Neither. Both are extreme cases. There is a big difference between being independent and being too formal. When you are married, you have to give that person importance and share your feelings and thoughts with them. The independent game leaves the other spouse feeling unwanted and takes away the closeness in a marriage. The clingy wife needs to stop acting like a child and learn to do things for herself. Eventually, the husband may get tired of catering her needs. Overall, my point is that one should be independent in taking care of themselves and not tryingt make others do their tasks. Also, one must realize that work is work, you can't call every hour. A good rule is to just let him call, that way he wilk call if hes free and wants ti talk. A lot of times husbands will get bored if clingy wives that are constantly chasing them, let them approach you too so you should be independent in doing tasks, taking care of urself, but not in feelings and sharing and letting that close bond form i have seen so many couples break apart because one could not give the ego and wanted ti be "independent, never get too attached to anyone, i only have myself in the end" bs. This is honestly so annoying and there's only a limit to how much the other person can try to bond.
What you're talking about is an extreme and not at all what the poster is implying in scenario #2
The independent wife does what she does out of concern for her husband because he works hard and she feels bad burdening him. That in itself is care and love. If someone misinterprets a woman stretching herself soooo thin as nonchalance and indifference...he's not a very smart or perceptive man to begin with.
What you're talking about is an extreme and not at all what the poster is implying in scenario #2
The independent wife does what she does out of concern for her husband because he works hard and she feels bad burdening him. That in itself is care and love. If someone misinterprets a woman stretching herself soooo thin as nonchalance and indifference...he's not a very smart or perceptive man to begin with.

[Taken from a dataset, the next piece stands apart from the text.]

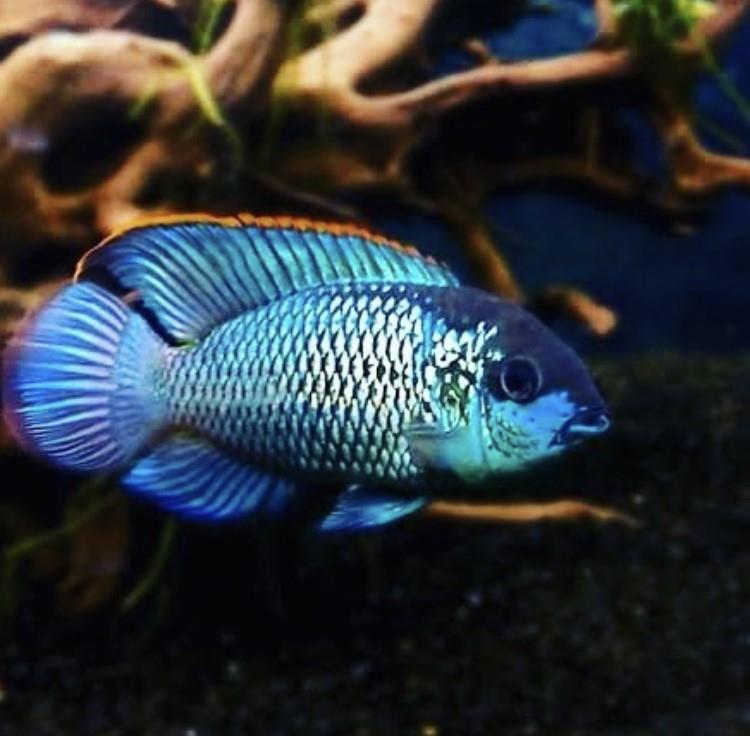 Elektrik Blue Acara 4-5 Cm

I know. I wasn't going off of just this one example but a general case of independent vs clingy based on what i had seen in my life. I have seen way too many people use the independent thing to push away their spouse without even knowing what they were doing until it was too late.

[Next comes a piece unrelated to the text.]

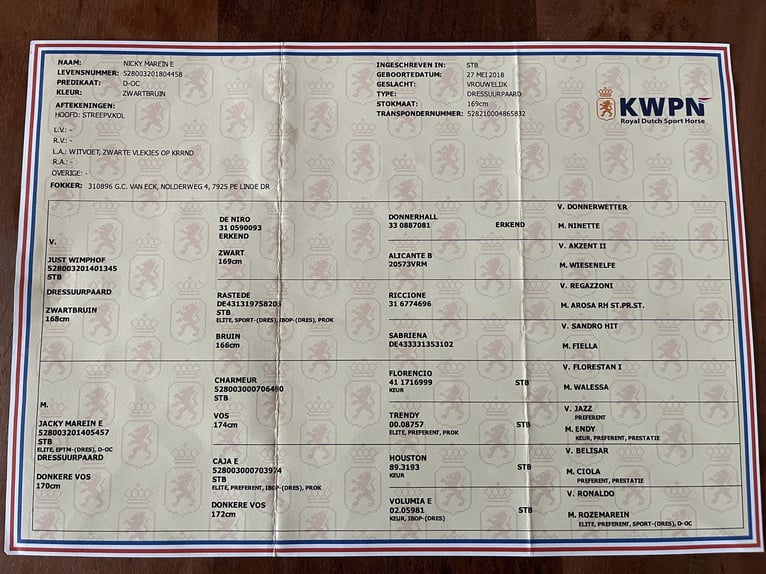 KWPN Giumenta 7 Anni 168 cm Morello in Isaszeg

It depends on husbands. Some husbands will take wives for granted no matter how much efforts she puts in all day while there are men who will keep catering to nakhray even if she doesn't lift her finger all day.
You didnt read my post properly. I said im not going off of the above e,example but the general ideas. Independence is good until it is too much. There is a balance between being too independent and too clingy. A little dependence is important for a marriage just as a little independence is.